Sequential timesteps of images from sim and real collected robot trajectories along with the natural language command describing the task.

As robots that follow natural language become more capable and prevalent, we need a benchmark to holistically develop and evaluate their ability to solve long-horizon mobile manipulation tasks in large, diverse environments. Robots must use visual and language understanding, navigation, and manipulation capabilities to tackle this challenge. Existing datasets do not integrate all these aspects, restricting their efficacy as benchmarks. To address this gap, we present the Language, Navigation, Manipulation, Perception (LaNMP) dataset and demonstrate the benefits of integrating these four capabilities and various modalities. LaNMP comprises 574 trajectories across eight simulated and real-world environments for long-horizon room-to-room pick-and-place tasks specified by natural language. Every trajectory consists of over 20 attributes, including RGB-D images, segmentations, and the poses of the robot body, end-effector, and grasped objects. We fine-tuned and tested two models in simulation and on a physical robot to demonstrate its efficacy in development and evaluation. The models perform suboptimally compared to humans across various metrics, indicating significant room for developing better multimodal mobile manipulation models using our benchmark.

Dataset Format

More detailed dataset information can be found in the dataset card DataCard.md.
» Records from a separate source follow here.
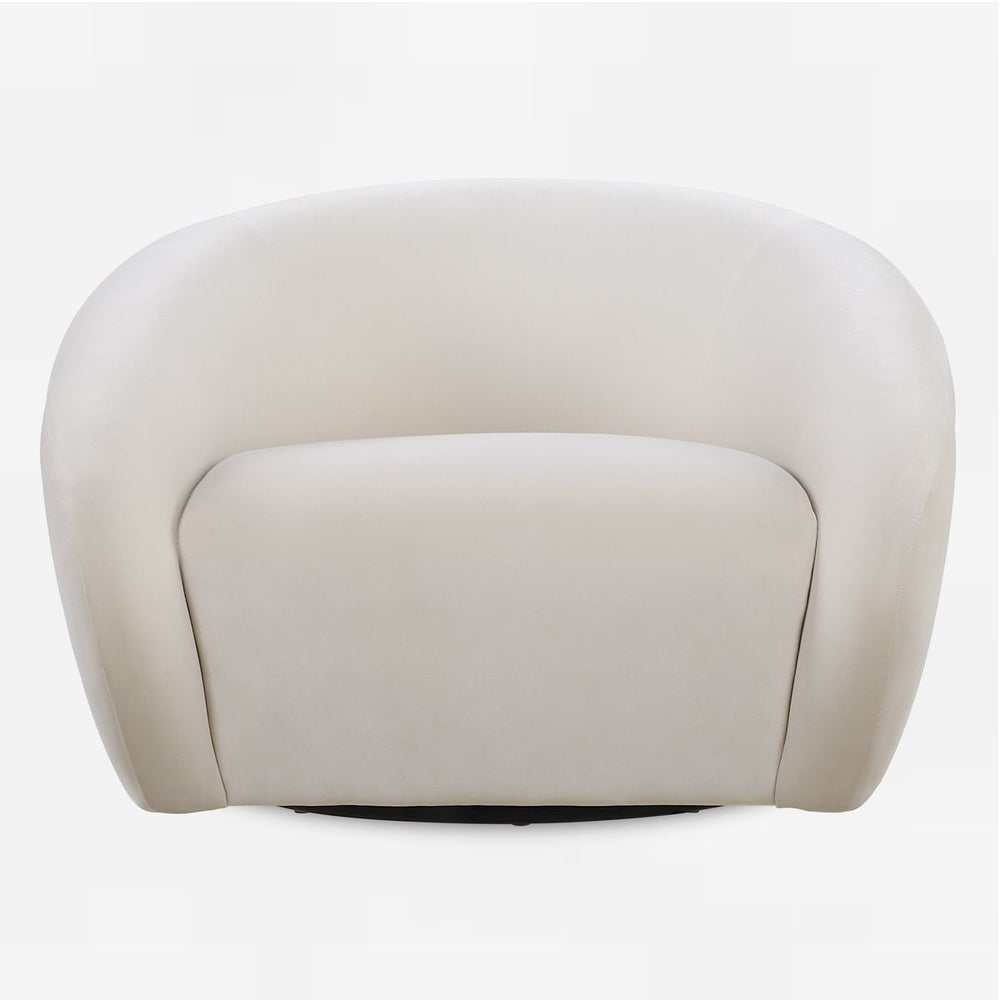 DeSoto Swivel Chair, Cream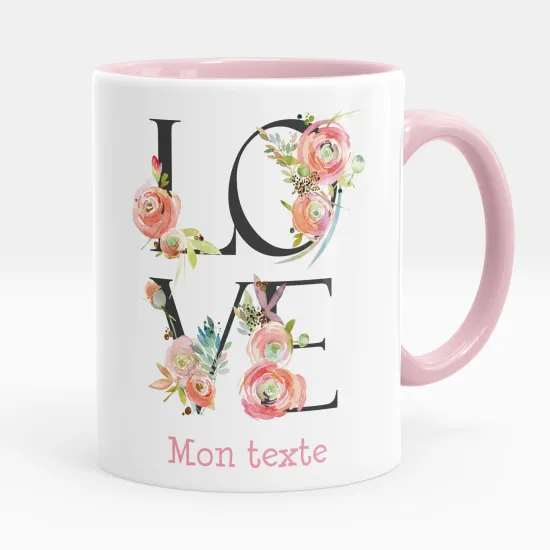 Mug - Tasse personnalisée - Love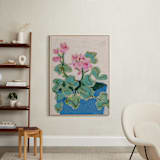 "Garden Study" - Art Print in Pink Soda by Lottie Aldarwish - In a Room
Download the dataset from this DropBox.

Code that opens, reads, and displays the dataset contents can be found in this Google Colab notebook.

Sim Dataset

The simulation dataset comes in a single hdf5 file, and has the following hierarchy:

sim_dataset.hdf5/
├── data_11:11:28/
│   ├── folder_0
│   ├── folder_1
│   └── folder_2
├── data_11:14:08/
│   ├── folder_0
│   └── ...
└── ...

Under each folder, there are three main numpy files: depth_<num>, inst_seg_<num>, and rgb_<num>, which correspond to the depth image, segmentation image, and rgb image, respectively.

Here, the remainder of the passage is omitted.